Queensland scientist Michael James writes:|
Jul 24, 2008 12:00AM |EMAIL|PRINT
This communication concerns some misinformation that Herald Sun columnist Andrew Bolt has been publicising since late last week. Bolt claims his ”seven graphs” from reputable sources prove conclusively that the world is cooling not warming and Arctic ice is not thinning.
He first presented it in his blog last Thursday and then on Insiders on ABC on Sunday he heavily promoted it and aggressively challenged Annabel Crabb to dispute these findings, all, of course, to attack the government’s Green Paper and Garnaut Report. Then on Monday he ran another related story as a follow up (Arctic Ice) and Tuesday another follow up. Being something of an agnostic on the topic myself I thought it was worth looking at, but was then appalled at how he has totally misinterpreted the graphs he presents.
Without even verifying the source or content of these graphs but just taking them at face value, I believe that any scientist or reasonably intelligent person would agree with my statements. If a scientist presented this at a conference he would be laughed at or met by stunned, embarassed silence. Let’s look at Bolt’s graphs…
Andrew Bolt apparently is basing his argument — that the world really is cooling rather than warming — on a short blip in the data around January 2008. But the logical comparison is shown by the blue ovals which very roughly centre on the average for the time periods (note the ovals are identical in size); it is obvious the recent period is up to 0.3 degrees warmer. In his graph 2, the same data is plotted but now extending back to 1979 — it shows even more clearly the average warming over the period 1999-2007. Note that in this second graph which extends to June 2008 the January 2008 low-point is less obvious!
This is Andrew Bolt’s second graph that he uses to try to claim the world is cooling rather than warming. He does this by using a blip of data spanning a tiny sliver of time as represented on these graphs (the descending line to the far right, which looks like the recurrent low point also seen in the 2004 and 2006 periods). But taking an average over the recent decade and the 1979-1997 periods a five year-old could tell Bolt that the former is obviously higher than the latter. Ignoring or correcting for the volcanic eruption (1992) or the El Nino (1998) events does not change this picture significantly. This may well not be enough to support a global warming hypothesis but it very unambiguously does not support a recent cooling.
This is Andrew Bolt’s third graph that he uses to try to claim the sea-level is falling rather than rising! Given the impressive upward trendline over 15 years (I have not checked its origin or veracity) it is deeply mysterious how he comes to this conclusion. Is it that he interprets the incomplete 2008 data showing a downward blip (which I have highlighted in red, with questions marks)? Bolt needs to stick to journalism or something that doesn’t require any kind of logical interpretative skills.

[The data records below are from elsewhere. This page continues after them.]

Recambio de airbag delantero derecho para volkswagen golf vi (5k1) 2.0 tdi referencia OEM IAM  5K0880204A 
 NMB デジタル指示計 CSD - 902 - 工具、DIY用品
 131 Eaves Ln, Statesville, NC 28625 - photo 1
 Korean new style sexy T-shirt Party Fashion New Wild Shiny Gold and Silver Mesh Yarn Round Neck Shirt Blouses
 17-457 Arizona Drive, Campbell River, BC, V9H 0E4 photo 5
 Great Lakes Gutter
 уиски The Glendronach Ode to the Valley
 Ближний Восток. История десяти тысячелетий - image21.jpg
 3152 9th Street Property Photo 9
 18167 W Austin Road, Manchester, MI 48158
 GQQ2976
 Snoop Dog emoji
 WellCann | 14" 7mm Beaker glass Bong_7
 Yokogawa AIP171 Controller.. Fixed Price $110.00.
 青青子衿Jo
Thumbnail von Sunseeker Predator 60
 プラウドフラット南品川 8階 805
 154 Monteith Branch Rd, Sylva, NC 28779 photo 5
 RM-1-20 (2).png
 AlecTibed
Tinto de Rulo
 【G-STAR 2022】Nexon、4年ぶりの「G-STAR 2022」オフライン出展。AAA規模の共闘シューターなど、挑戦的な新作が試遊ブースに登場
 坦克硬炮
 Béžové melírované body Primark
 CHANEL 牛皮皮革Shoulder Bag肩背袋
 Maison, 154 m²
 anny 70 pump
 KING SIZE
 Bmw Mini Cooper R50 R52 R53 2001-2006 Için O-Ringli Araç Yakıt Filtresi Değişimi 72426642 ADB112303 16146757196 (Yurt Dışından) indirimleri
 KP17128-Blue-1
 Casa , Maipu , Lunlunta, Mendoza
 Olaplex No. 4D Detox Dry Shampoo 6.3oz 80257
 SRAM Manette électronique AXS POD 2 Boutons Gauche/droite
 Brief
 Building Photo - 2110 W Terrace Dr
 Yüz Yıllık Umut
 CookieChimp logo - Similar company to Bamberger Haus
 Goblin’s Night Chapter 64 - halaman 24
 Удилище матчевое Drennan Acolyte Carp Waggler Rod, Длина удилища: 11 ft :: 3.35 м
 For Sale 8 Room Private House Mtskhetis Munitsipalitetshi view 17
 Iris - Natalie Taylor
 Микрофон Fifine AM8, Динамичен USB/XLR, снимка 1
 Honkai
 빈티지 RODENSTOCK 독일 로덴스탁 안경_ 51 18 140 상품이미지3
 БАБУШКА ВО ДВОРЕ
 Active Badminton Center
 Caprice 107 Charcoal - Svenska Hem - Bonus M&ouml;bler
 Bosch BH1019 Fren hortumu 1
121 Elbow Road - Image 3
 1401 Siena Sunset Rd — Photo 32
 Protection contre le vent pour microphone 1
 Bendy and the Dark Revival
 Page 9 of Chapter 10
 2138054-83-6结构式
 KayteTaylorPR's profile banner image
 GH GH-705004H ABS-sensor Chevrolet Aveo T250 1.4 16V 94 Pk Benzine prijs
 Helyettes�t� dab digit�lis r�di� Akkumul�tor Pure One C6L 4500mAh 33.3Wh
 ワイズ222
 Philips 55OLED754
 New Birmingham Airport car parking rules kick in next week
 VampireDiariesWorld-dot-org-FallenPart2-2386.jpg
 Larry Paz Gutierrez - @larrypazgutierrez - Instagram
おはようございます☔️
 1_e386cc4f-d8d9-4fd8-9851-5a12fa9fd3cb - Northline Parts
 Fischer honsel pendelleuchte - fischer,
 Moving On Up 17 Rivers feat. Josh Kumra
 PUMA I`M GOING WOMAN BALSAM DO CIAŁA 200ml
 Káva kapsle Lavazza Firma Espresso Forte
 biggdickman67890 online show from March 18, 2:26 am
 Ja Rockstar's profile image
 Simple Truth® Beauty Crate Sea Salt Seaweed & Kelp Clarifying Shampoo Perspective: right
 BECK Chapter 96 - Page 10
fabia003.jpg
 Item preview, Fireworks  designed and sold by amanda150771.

Andrew Bolt bases his erroneous claim that Arctic sea ice is not thinning on two weeks of the most recent data for 2008 (highlighted in red on graph) and only in comparison to the same period in 2007; in fact the data confirm it is thinning. The US laboratory that provided this graph also claims: “According to scientific measurements, Arctic sea ice has declined dramatically over at least the past thirty years, with the most extreme decline seen in the summer melt season.” So, should we make broad sweeping conclusions from 2 weeks’ data or from yearly, or 20 years (1979-2000) or 30 years of data?
I posted a comment in response to Bolt’s article (mine is one amongst over 500 comments from mostly appallingly ignorant ranters) — but of course I couldn’t post the graphs.
I think it is important that loud polemicists like Bolt spouting distorted nonsense need a counterbalance in the media.
Michael James is a Senior Research Fellow and Director for the Genome Variation Laboratory at the Queensland Institute of Medical Research. He is speaking as an individual and not on behalf of his institute.